How many novels have there been about terrible parents? In this lively novel it’s an irresponsible gadabout mother who breaks most of the rules of parenting and runs though a succession of unsuitable men. The title refers to the necessity (seen by others) of women having “a man at the helm.” The book is narrated by the children who don’t really understand what’s going on and there’s a strong Nancy Mitford quality about the book.

Completion Tim Walker

If you liked state of the nation novels like John Lanchester’s Capital, try this excellent British novel. A house in an expensive part of London (well, all of London is expensive, this is just top end) was the setting for a series of children’s books by the mother of the family. The parents are no longer together and members of the family live in Dubai, East London and France. What happens to them makes for a highly readable story.

Hotel Alpha Mark Watson

Big hotels have been the background for many novels as well as television series such as Hotel Babylon and movies like The Grand Budapest Hotel. Perhaps the appeal is that hotels are somewhat removed from the everyday world. Certainly the hotel in this one is - the owner is something of an idealist but not a conventional one. He interacts with an interesting cast of characters while hiding secrets. The changing world of technology and how it alters the hotel world is part of this highly readable novel.

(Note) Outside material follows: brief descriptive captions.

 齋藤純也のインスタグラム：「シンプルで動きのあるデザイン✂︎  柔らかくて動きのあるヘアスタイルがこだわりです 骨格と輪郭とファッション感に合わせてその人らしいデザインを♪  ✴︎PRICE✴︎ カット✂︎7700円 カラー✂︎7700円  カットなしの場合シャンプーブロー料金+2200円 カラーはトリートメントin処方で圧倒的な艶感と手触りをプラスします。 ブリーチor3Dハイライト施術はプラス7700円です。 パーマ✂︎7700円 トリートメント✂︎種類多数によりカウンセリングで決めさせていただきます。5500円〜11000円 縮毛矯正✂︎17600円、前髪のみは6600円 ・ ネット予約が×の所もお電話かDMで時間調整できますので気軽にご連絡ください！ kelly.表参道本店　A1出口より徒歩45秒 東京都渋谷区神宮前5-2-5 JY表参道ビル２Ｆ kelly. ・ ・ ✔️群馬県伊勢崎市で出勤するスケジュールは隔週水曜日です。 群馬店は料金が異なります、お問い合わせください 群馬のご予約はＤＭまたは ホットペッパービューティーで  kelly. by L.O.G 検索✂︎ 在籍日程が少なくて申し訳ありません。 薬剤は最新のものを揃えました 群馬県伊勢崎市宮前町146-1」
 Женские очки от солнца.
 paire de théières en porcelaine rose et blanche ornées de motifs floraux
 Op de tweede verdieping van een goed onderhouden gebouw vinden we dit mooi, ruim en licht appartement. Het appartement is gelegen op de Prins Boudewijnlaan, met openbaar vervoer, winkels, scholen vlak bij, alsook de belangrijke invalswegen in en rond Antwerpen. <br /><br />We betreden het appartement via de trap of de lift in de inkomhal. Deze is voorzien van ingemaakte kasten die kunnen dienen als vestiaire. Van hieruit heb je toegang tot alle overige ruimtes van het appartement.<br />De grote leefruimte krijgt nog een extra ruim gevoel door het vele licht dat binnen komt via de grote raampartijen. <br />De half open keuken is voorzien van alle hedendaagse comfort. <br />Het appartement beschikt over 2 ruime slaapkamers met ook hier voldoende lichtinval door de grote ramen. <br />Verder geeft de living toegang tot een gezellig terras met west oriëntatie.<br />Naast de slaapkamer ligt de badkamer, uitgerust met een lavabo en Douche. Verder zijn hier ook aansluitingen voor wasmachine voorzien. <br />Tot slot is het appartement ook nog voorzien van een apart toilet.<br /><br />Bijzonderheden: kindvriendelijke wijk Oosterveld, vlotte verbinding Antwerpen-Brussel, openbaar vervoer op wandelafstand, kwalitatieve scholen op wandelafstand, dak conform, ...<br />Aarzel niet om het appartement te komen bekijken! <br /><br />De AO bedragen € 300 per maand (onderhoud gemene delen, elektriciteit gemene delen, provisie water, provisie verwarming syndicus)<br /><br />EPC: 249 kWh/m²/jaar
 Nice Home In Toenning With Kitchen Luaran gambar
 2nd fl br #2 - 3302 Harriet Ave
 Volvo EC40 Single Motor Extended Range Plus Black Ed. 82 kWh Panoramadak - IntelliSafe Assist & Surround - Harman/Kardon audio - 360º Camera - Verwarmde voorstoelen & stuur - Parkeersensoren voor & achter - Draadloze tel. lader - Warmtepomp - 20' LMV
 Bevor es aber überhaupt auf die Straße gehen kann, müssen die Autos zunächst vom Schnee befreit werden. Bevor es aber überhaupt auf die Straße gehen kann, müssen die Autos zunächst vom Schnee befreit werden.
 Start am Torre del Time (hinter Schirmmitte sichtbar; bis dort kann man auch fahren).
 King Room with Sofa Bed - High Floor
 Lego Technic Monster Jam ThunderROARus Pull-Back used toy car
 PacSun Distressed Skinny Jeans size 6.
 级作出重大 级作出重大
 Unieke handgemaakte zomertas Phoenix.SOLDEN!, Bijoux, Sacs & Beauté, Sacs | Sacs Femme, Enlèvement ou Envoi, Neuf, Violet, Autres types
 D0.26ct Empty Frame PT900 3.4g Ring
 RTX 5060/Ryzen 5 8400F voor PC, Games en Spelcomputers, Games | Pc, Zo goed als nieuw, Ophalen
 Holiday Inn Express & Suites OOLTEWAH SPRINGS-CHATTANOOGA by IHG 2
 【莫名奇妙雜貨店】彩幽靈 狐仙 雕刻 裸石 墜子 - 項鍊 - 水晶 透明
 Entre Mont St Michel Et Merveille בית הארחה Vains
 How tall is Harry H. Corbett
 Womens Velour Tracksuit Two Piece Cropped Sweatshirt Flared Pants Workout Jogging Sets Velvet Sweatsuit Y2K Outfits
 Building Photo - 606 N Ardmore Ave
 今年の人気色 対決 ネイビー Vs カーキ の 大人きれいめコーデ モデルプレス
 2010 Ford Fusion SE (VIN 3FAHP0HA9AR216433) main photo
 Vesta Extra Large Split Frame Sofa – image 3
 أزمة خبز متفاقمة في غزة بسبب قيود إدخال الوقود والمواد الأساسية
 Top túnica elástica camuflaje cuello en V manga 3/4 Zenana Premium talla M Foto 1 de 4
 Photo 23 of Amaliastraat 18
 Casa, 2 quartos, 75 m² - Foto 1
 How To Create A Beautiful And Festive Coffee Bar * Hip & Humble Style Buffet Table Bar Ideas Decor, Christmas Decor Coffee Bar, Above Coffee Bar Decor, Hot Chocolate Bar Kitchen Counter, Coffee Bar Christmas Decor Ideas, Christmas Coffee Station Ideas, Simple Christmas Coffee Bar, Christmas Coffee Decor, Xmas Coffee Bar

Boxer handsome Anna Whitwham

An excellent first novel inspired by the grandfather of the author who’d been a boxer In London’s East End. The novel is set in Hackney where a third generation boxer falls for a preschool teacher from outside his world. It’s a strong novel about some tough and troubled people but it gripped me throughout and it’s actually quite moving.

Into the trees Robert Williams

A couple sell their house in town for one in a forest (seems to be somewhere like Lancashire) where they hope for a calming of their small daughter who won’t stop crying. Things improve until a violent incident invades their safe place. Characterisation is superb as the other characters – even those that act violently – are understandable. I found the novel completely gripping.